We might be right, but we should not be self-righteous. A department's needs often are legitimate, but so are the needs of a community's battered women's shelter and the business office's need to make payroll. Local elected and appointed officials have conflicting needs to address. They can't, nor should they, address every fire department desire. When one is addressed, however, we should be quick to deliver a sincere thank you.
A written thank-you letter doesn't need to be long. It just needs to be truthful and free of sarcasm:
“Dear Council Chair Martinez: Even though the fire department asked for a 6% operations budget increase, I still want to thank you for voting for the 3H% increase. I know that some city agencies faced budget cuts this year and your budget decisions were difficult. I appreciate you keeping the fire department as a funding priority.
“Thanks again, Chief Leopold.”
After a contentious public meeting, I sent a similar thank-you letter to a local elected official. Some time later, he thanked me for the letter. He told me he hears a lot from people before votes, but rarely receives a thank you afterward. I know that it garnered a lot of goodwill. After that conversation, I set the goal of writing at least one thank-you letter a month to someone who had helped the fire department. I didn't always meet my goal, but it helped me to keep my eyes open to people who deserved our thanks.

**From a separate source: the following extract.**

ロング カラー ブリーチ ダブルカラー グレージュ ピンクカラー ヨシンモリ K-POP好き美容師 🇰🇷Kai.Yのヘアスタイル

Thank-you letters are quick, easy and inexpensive. A little bit more complicated, but still quite effective, is taking someone to lunch. Using the broken ambulance transmission story from above, take the office worker who rapidly processed the purchase order document to lunch. While you're at it, also take the mechanic who fixed it.
The point is, no fire department succeeds with just the folks who wear bunker gear. A fire department's ability to deliver prompt, quality emergency service is directly linked to many people who have never even sat in a fire truck. Make it a regular point to find them and thank them. You want them to know that your fire department appreciates what they do to keep you on the streets and available to the public you serve.
Improvements in a fire department's apparatus, stations, water supply and communication systems are critical to its success. In truth though, real advancement is built on the talents and relationships of a department's members. Even passing a bond issue to make capital improvements depends on a community and its leaders' trust and support.
That trust and support is built on the department's ability to creatively communicate with those very same people. The amazing thing is that communication sometimes costs only the price of a stamp or a super-meal-deal at the local fast-food place.
Daniel Shaw is a 17-year member of the Placitas (N.M.) Volunteer Fire Brigade, where he served for five years as chief. He holds an associate's degree in fire science technology, a bachelor's degree in environmental education, and a master's degree in science education, Shaw is a classroom science teacher at the Bosque School in Albuquerque and adjunct faculty at the University of New Mexico, and he has received state and national awards for his teaching and curriculum development.
Most Recent Story
Want to use this article? Click here for options!
© 2008 Penton Media Inc.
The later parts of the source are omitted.